Your objective ▸ In the records below, the lines between the one holding "-东莱海上(长宁来福士店)" and the one holding "#1 photo, 1114", inclusive, are to be transcribed exactly; no pictures are to be included.
======== Stored data ========
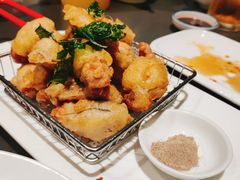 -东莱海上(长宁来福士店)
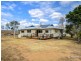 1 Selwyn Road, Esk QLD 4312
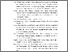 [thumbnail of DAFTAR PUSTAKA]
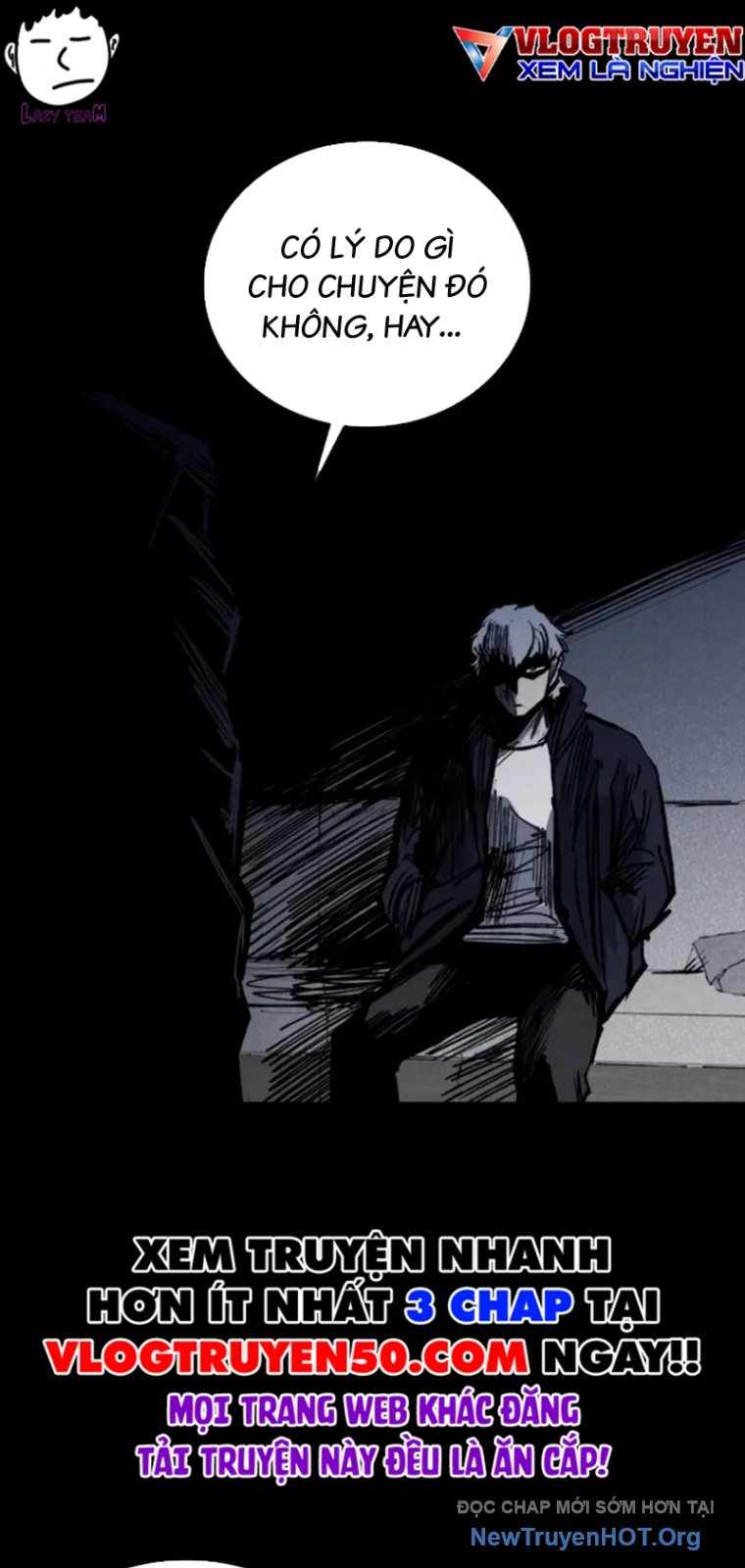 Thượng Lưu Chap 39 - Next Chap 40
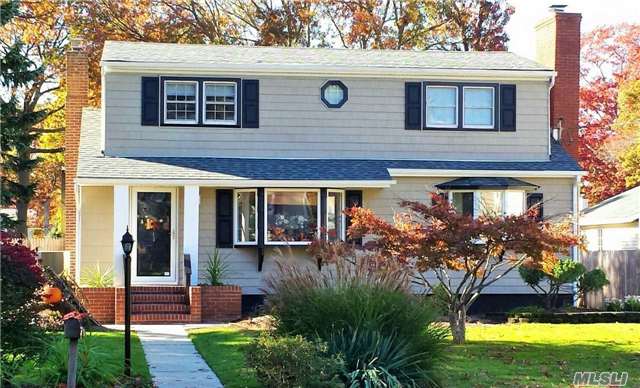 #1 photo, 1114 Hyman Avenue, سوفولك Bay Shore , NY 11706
========
======== Stored data ========
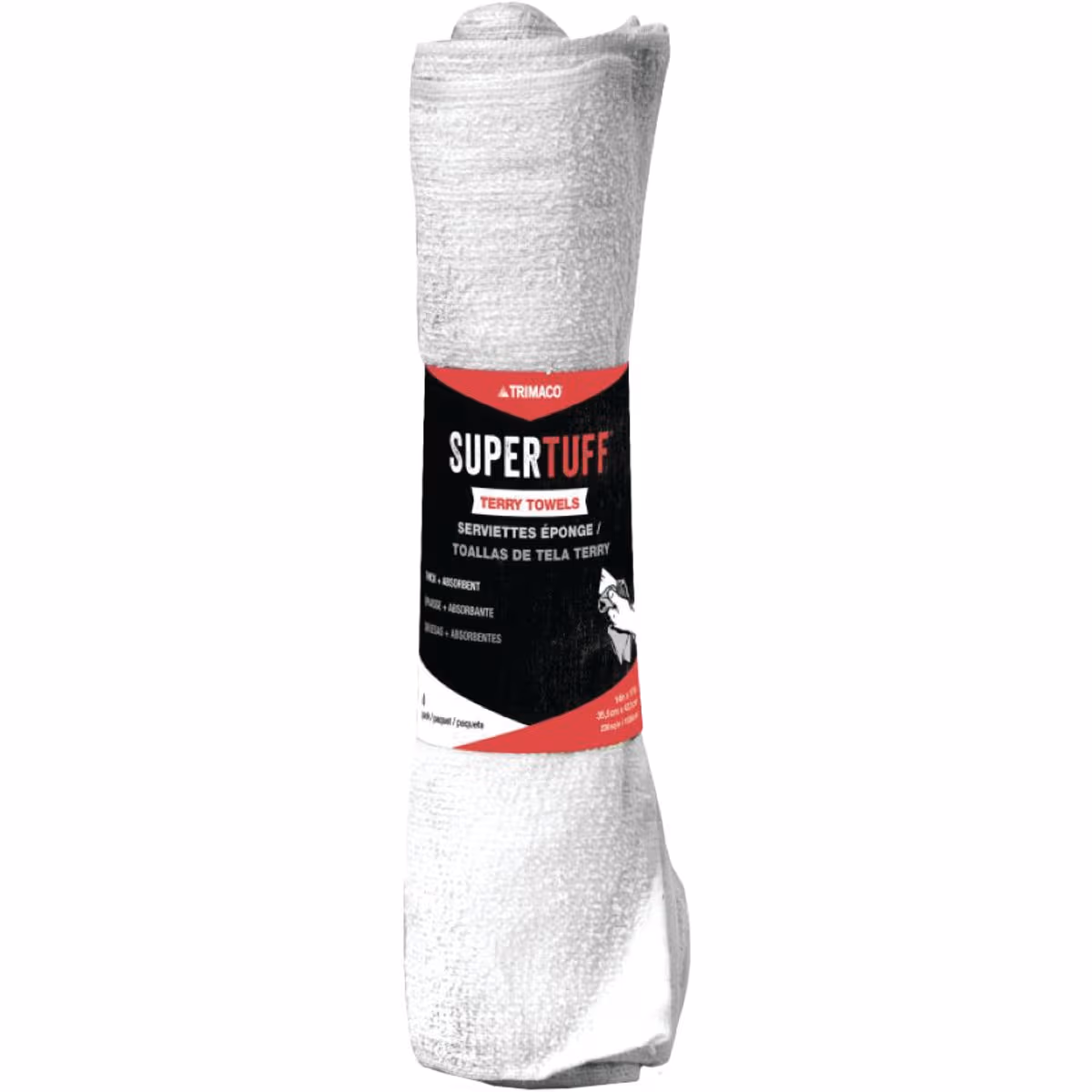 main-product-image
========
======== Stored data ========
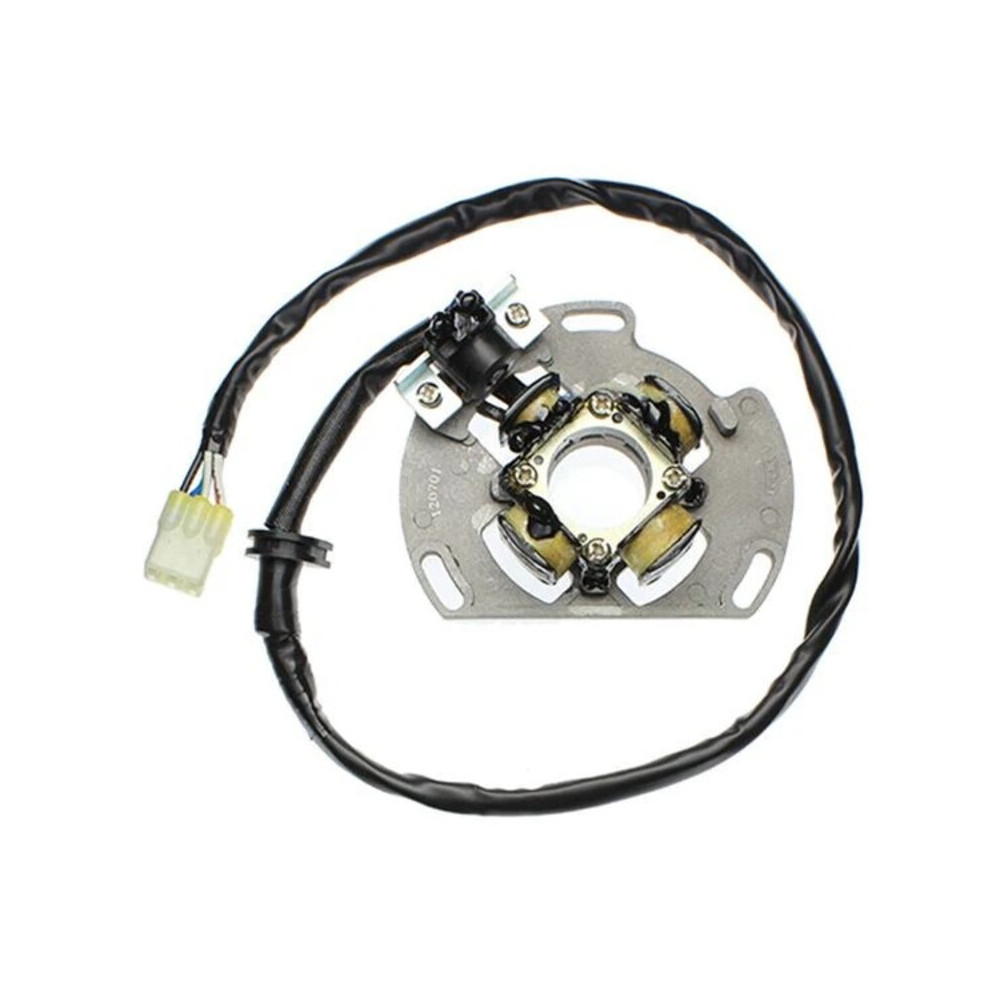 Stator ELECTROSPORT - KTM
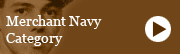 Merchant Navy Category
========
Solved exercise ▸
 -东莱海上(长宁来福士店)
 1 Selwyn Road, Esk QLD 4312
 [thumbnail of DAFTAR PUSTAKA]
 Thượng Lưu Chap 39 - Next Chap 40
 #1 photo, 1114 Hyman Avenue, سوفولك Bay Shore , NY 11706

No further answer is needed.